After the acquisition, it will be fair to consider that VYST will exist to trade within the Furniture Industry. Confirmed from the link below, the trailing PE Ratio for the Furniture Industry is 36.53:
pages.stern.nyu.edu/~adamodar/New_Home_Page/datafile/pedata.html

The PE Ratio is important because to get the Fundamental Valuation to consider for where VYST could exist to trade compared to the other stocks within its Industry or Sector, we must multiply the learned Earnings Per Share (EPS) by the PE Ratio for its Industry. The links below should help to better understand the PE Ratio logic as being the growth rate to help assess the fundamental valuation of a stock:
investorshub.advfn.com/boards/read_msg.aspx?message_id=57154170
http://www.investopedia.com/terms/p/price-earningsratio.asp

VYST has $31,319,398 listed on their Balance Sheet as an Accumulated Deficit within their last Quarterly filing below:
https://www.otcmarkets.com/filing/html?id=13070644&guid=kjy8UWUD04sjm3h

To first understand what this is and the importance of what it means, I think it is important for one to understand that "Liabilities" and "Expenses" are two different things. "Liabilities" apply to the Balance Sheet and "Expenses" apply to the Income Statement. The $31,319,398 listed on their Balance Sheet as an Accumulated Deficit is nowhere near as bad as I believe it is being perceived by some. An Accumulated Deficit is used as a Tax Shelter for tax write-offs. It's a non-issue and basically a psychological paper entry because it will only affect the Balance Sheet and not the Income Statement for valuation purposes to derive an Earning Per Share (EPS). This will have no negative effect on the outcome for what the company's EPS will be now or in the future, but instead, on the contrary.

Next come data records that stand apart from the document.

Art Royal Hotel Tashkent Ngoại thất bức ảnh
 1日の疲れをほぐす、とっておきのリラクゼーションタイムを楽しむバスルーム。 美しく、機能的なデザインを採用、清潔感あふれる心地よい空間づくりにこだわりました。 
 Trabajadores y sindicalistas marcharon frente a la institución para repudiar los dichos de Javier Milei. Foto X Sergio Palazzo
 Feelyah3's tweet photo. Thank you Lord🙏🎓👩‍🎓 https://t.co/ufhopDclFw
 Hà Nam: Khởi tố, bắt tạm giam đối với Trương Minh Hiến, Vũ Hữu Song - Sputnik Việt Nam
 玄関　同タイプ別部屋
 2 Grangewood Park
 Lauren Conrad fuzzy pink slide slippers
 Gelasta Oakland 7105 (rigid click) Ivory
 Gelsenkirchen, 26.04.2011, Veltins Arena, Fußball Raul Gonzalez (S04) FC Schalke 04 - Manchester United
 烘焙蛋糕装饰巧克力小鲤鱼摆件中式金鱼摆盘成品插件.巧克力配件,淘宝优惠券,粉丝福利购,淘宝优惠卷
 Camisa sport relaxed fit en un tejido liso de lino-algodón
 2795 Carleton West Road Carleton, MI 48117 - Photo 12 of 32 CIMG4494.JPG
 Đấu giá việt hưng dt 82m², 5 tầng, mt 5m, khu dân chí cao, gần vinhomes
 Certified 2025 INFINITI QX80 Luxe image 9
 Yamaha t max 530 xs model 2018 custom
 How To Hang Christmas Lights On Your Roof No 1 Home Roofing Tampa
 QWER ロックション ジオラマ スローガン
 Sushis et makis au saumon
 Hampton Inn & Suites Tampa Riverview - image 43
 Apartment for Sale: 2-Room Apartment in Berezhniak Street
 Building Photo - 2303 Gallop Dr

An Accumulated Deficit greatly enhances the company’s position as a huge acquisition candidate. This is very attractive for a huge positive Revenue generating company with a significant amount of Gross & Net Income to merge into VYST via an acquisition. Therefore, Rotmans Furniture, with its over $35 Million in Revenues and while having a 48% to 52% Gross Profit Margin and a 19% Net Profit Margin is a great candidate for VYST.

This is huge because the $31,319,398 is available to be used as a 2 year carry back and 20 year carry forward Tax Net Operating Loss (NOL) to reduce the taxable income for the company’s future tax years. The company decides how they want to apply the Tax NOL. This is very important because this is what will help the company to trade to meet the minimum $4.00 per bid for 30 consecutive days to meet the NASDAQ share price requirement. VYST will only need to maximize the Tax NOL by carrying it forward for one year. That means that the $31,319,398 will all be applied to the financials of VYST for the one-year time frame to have $31,319,398 applied to its coming year profitable Income Statement after completion of the acquisition of Rotmans.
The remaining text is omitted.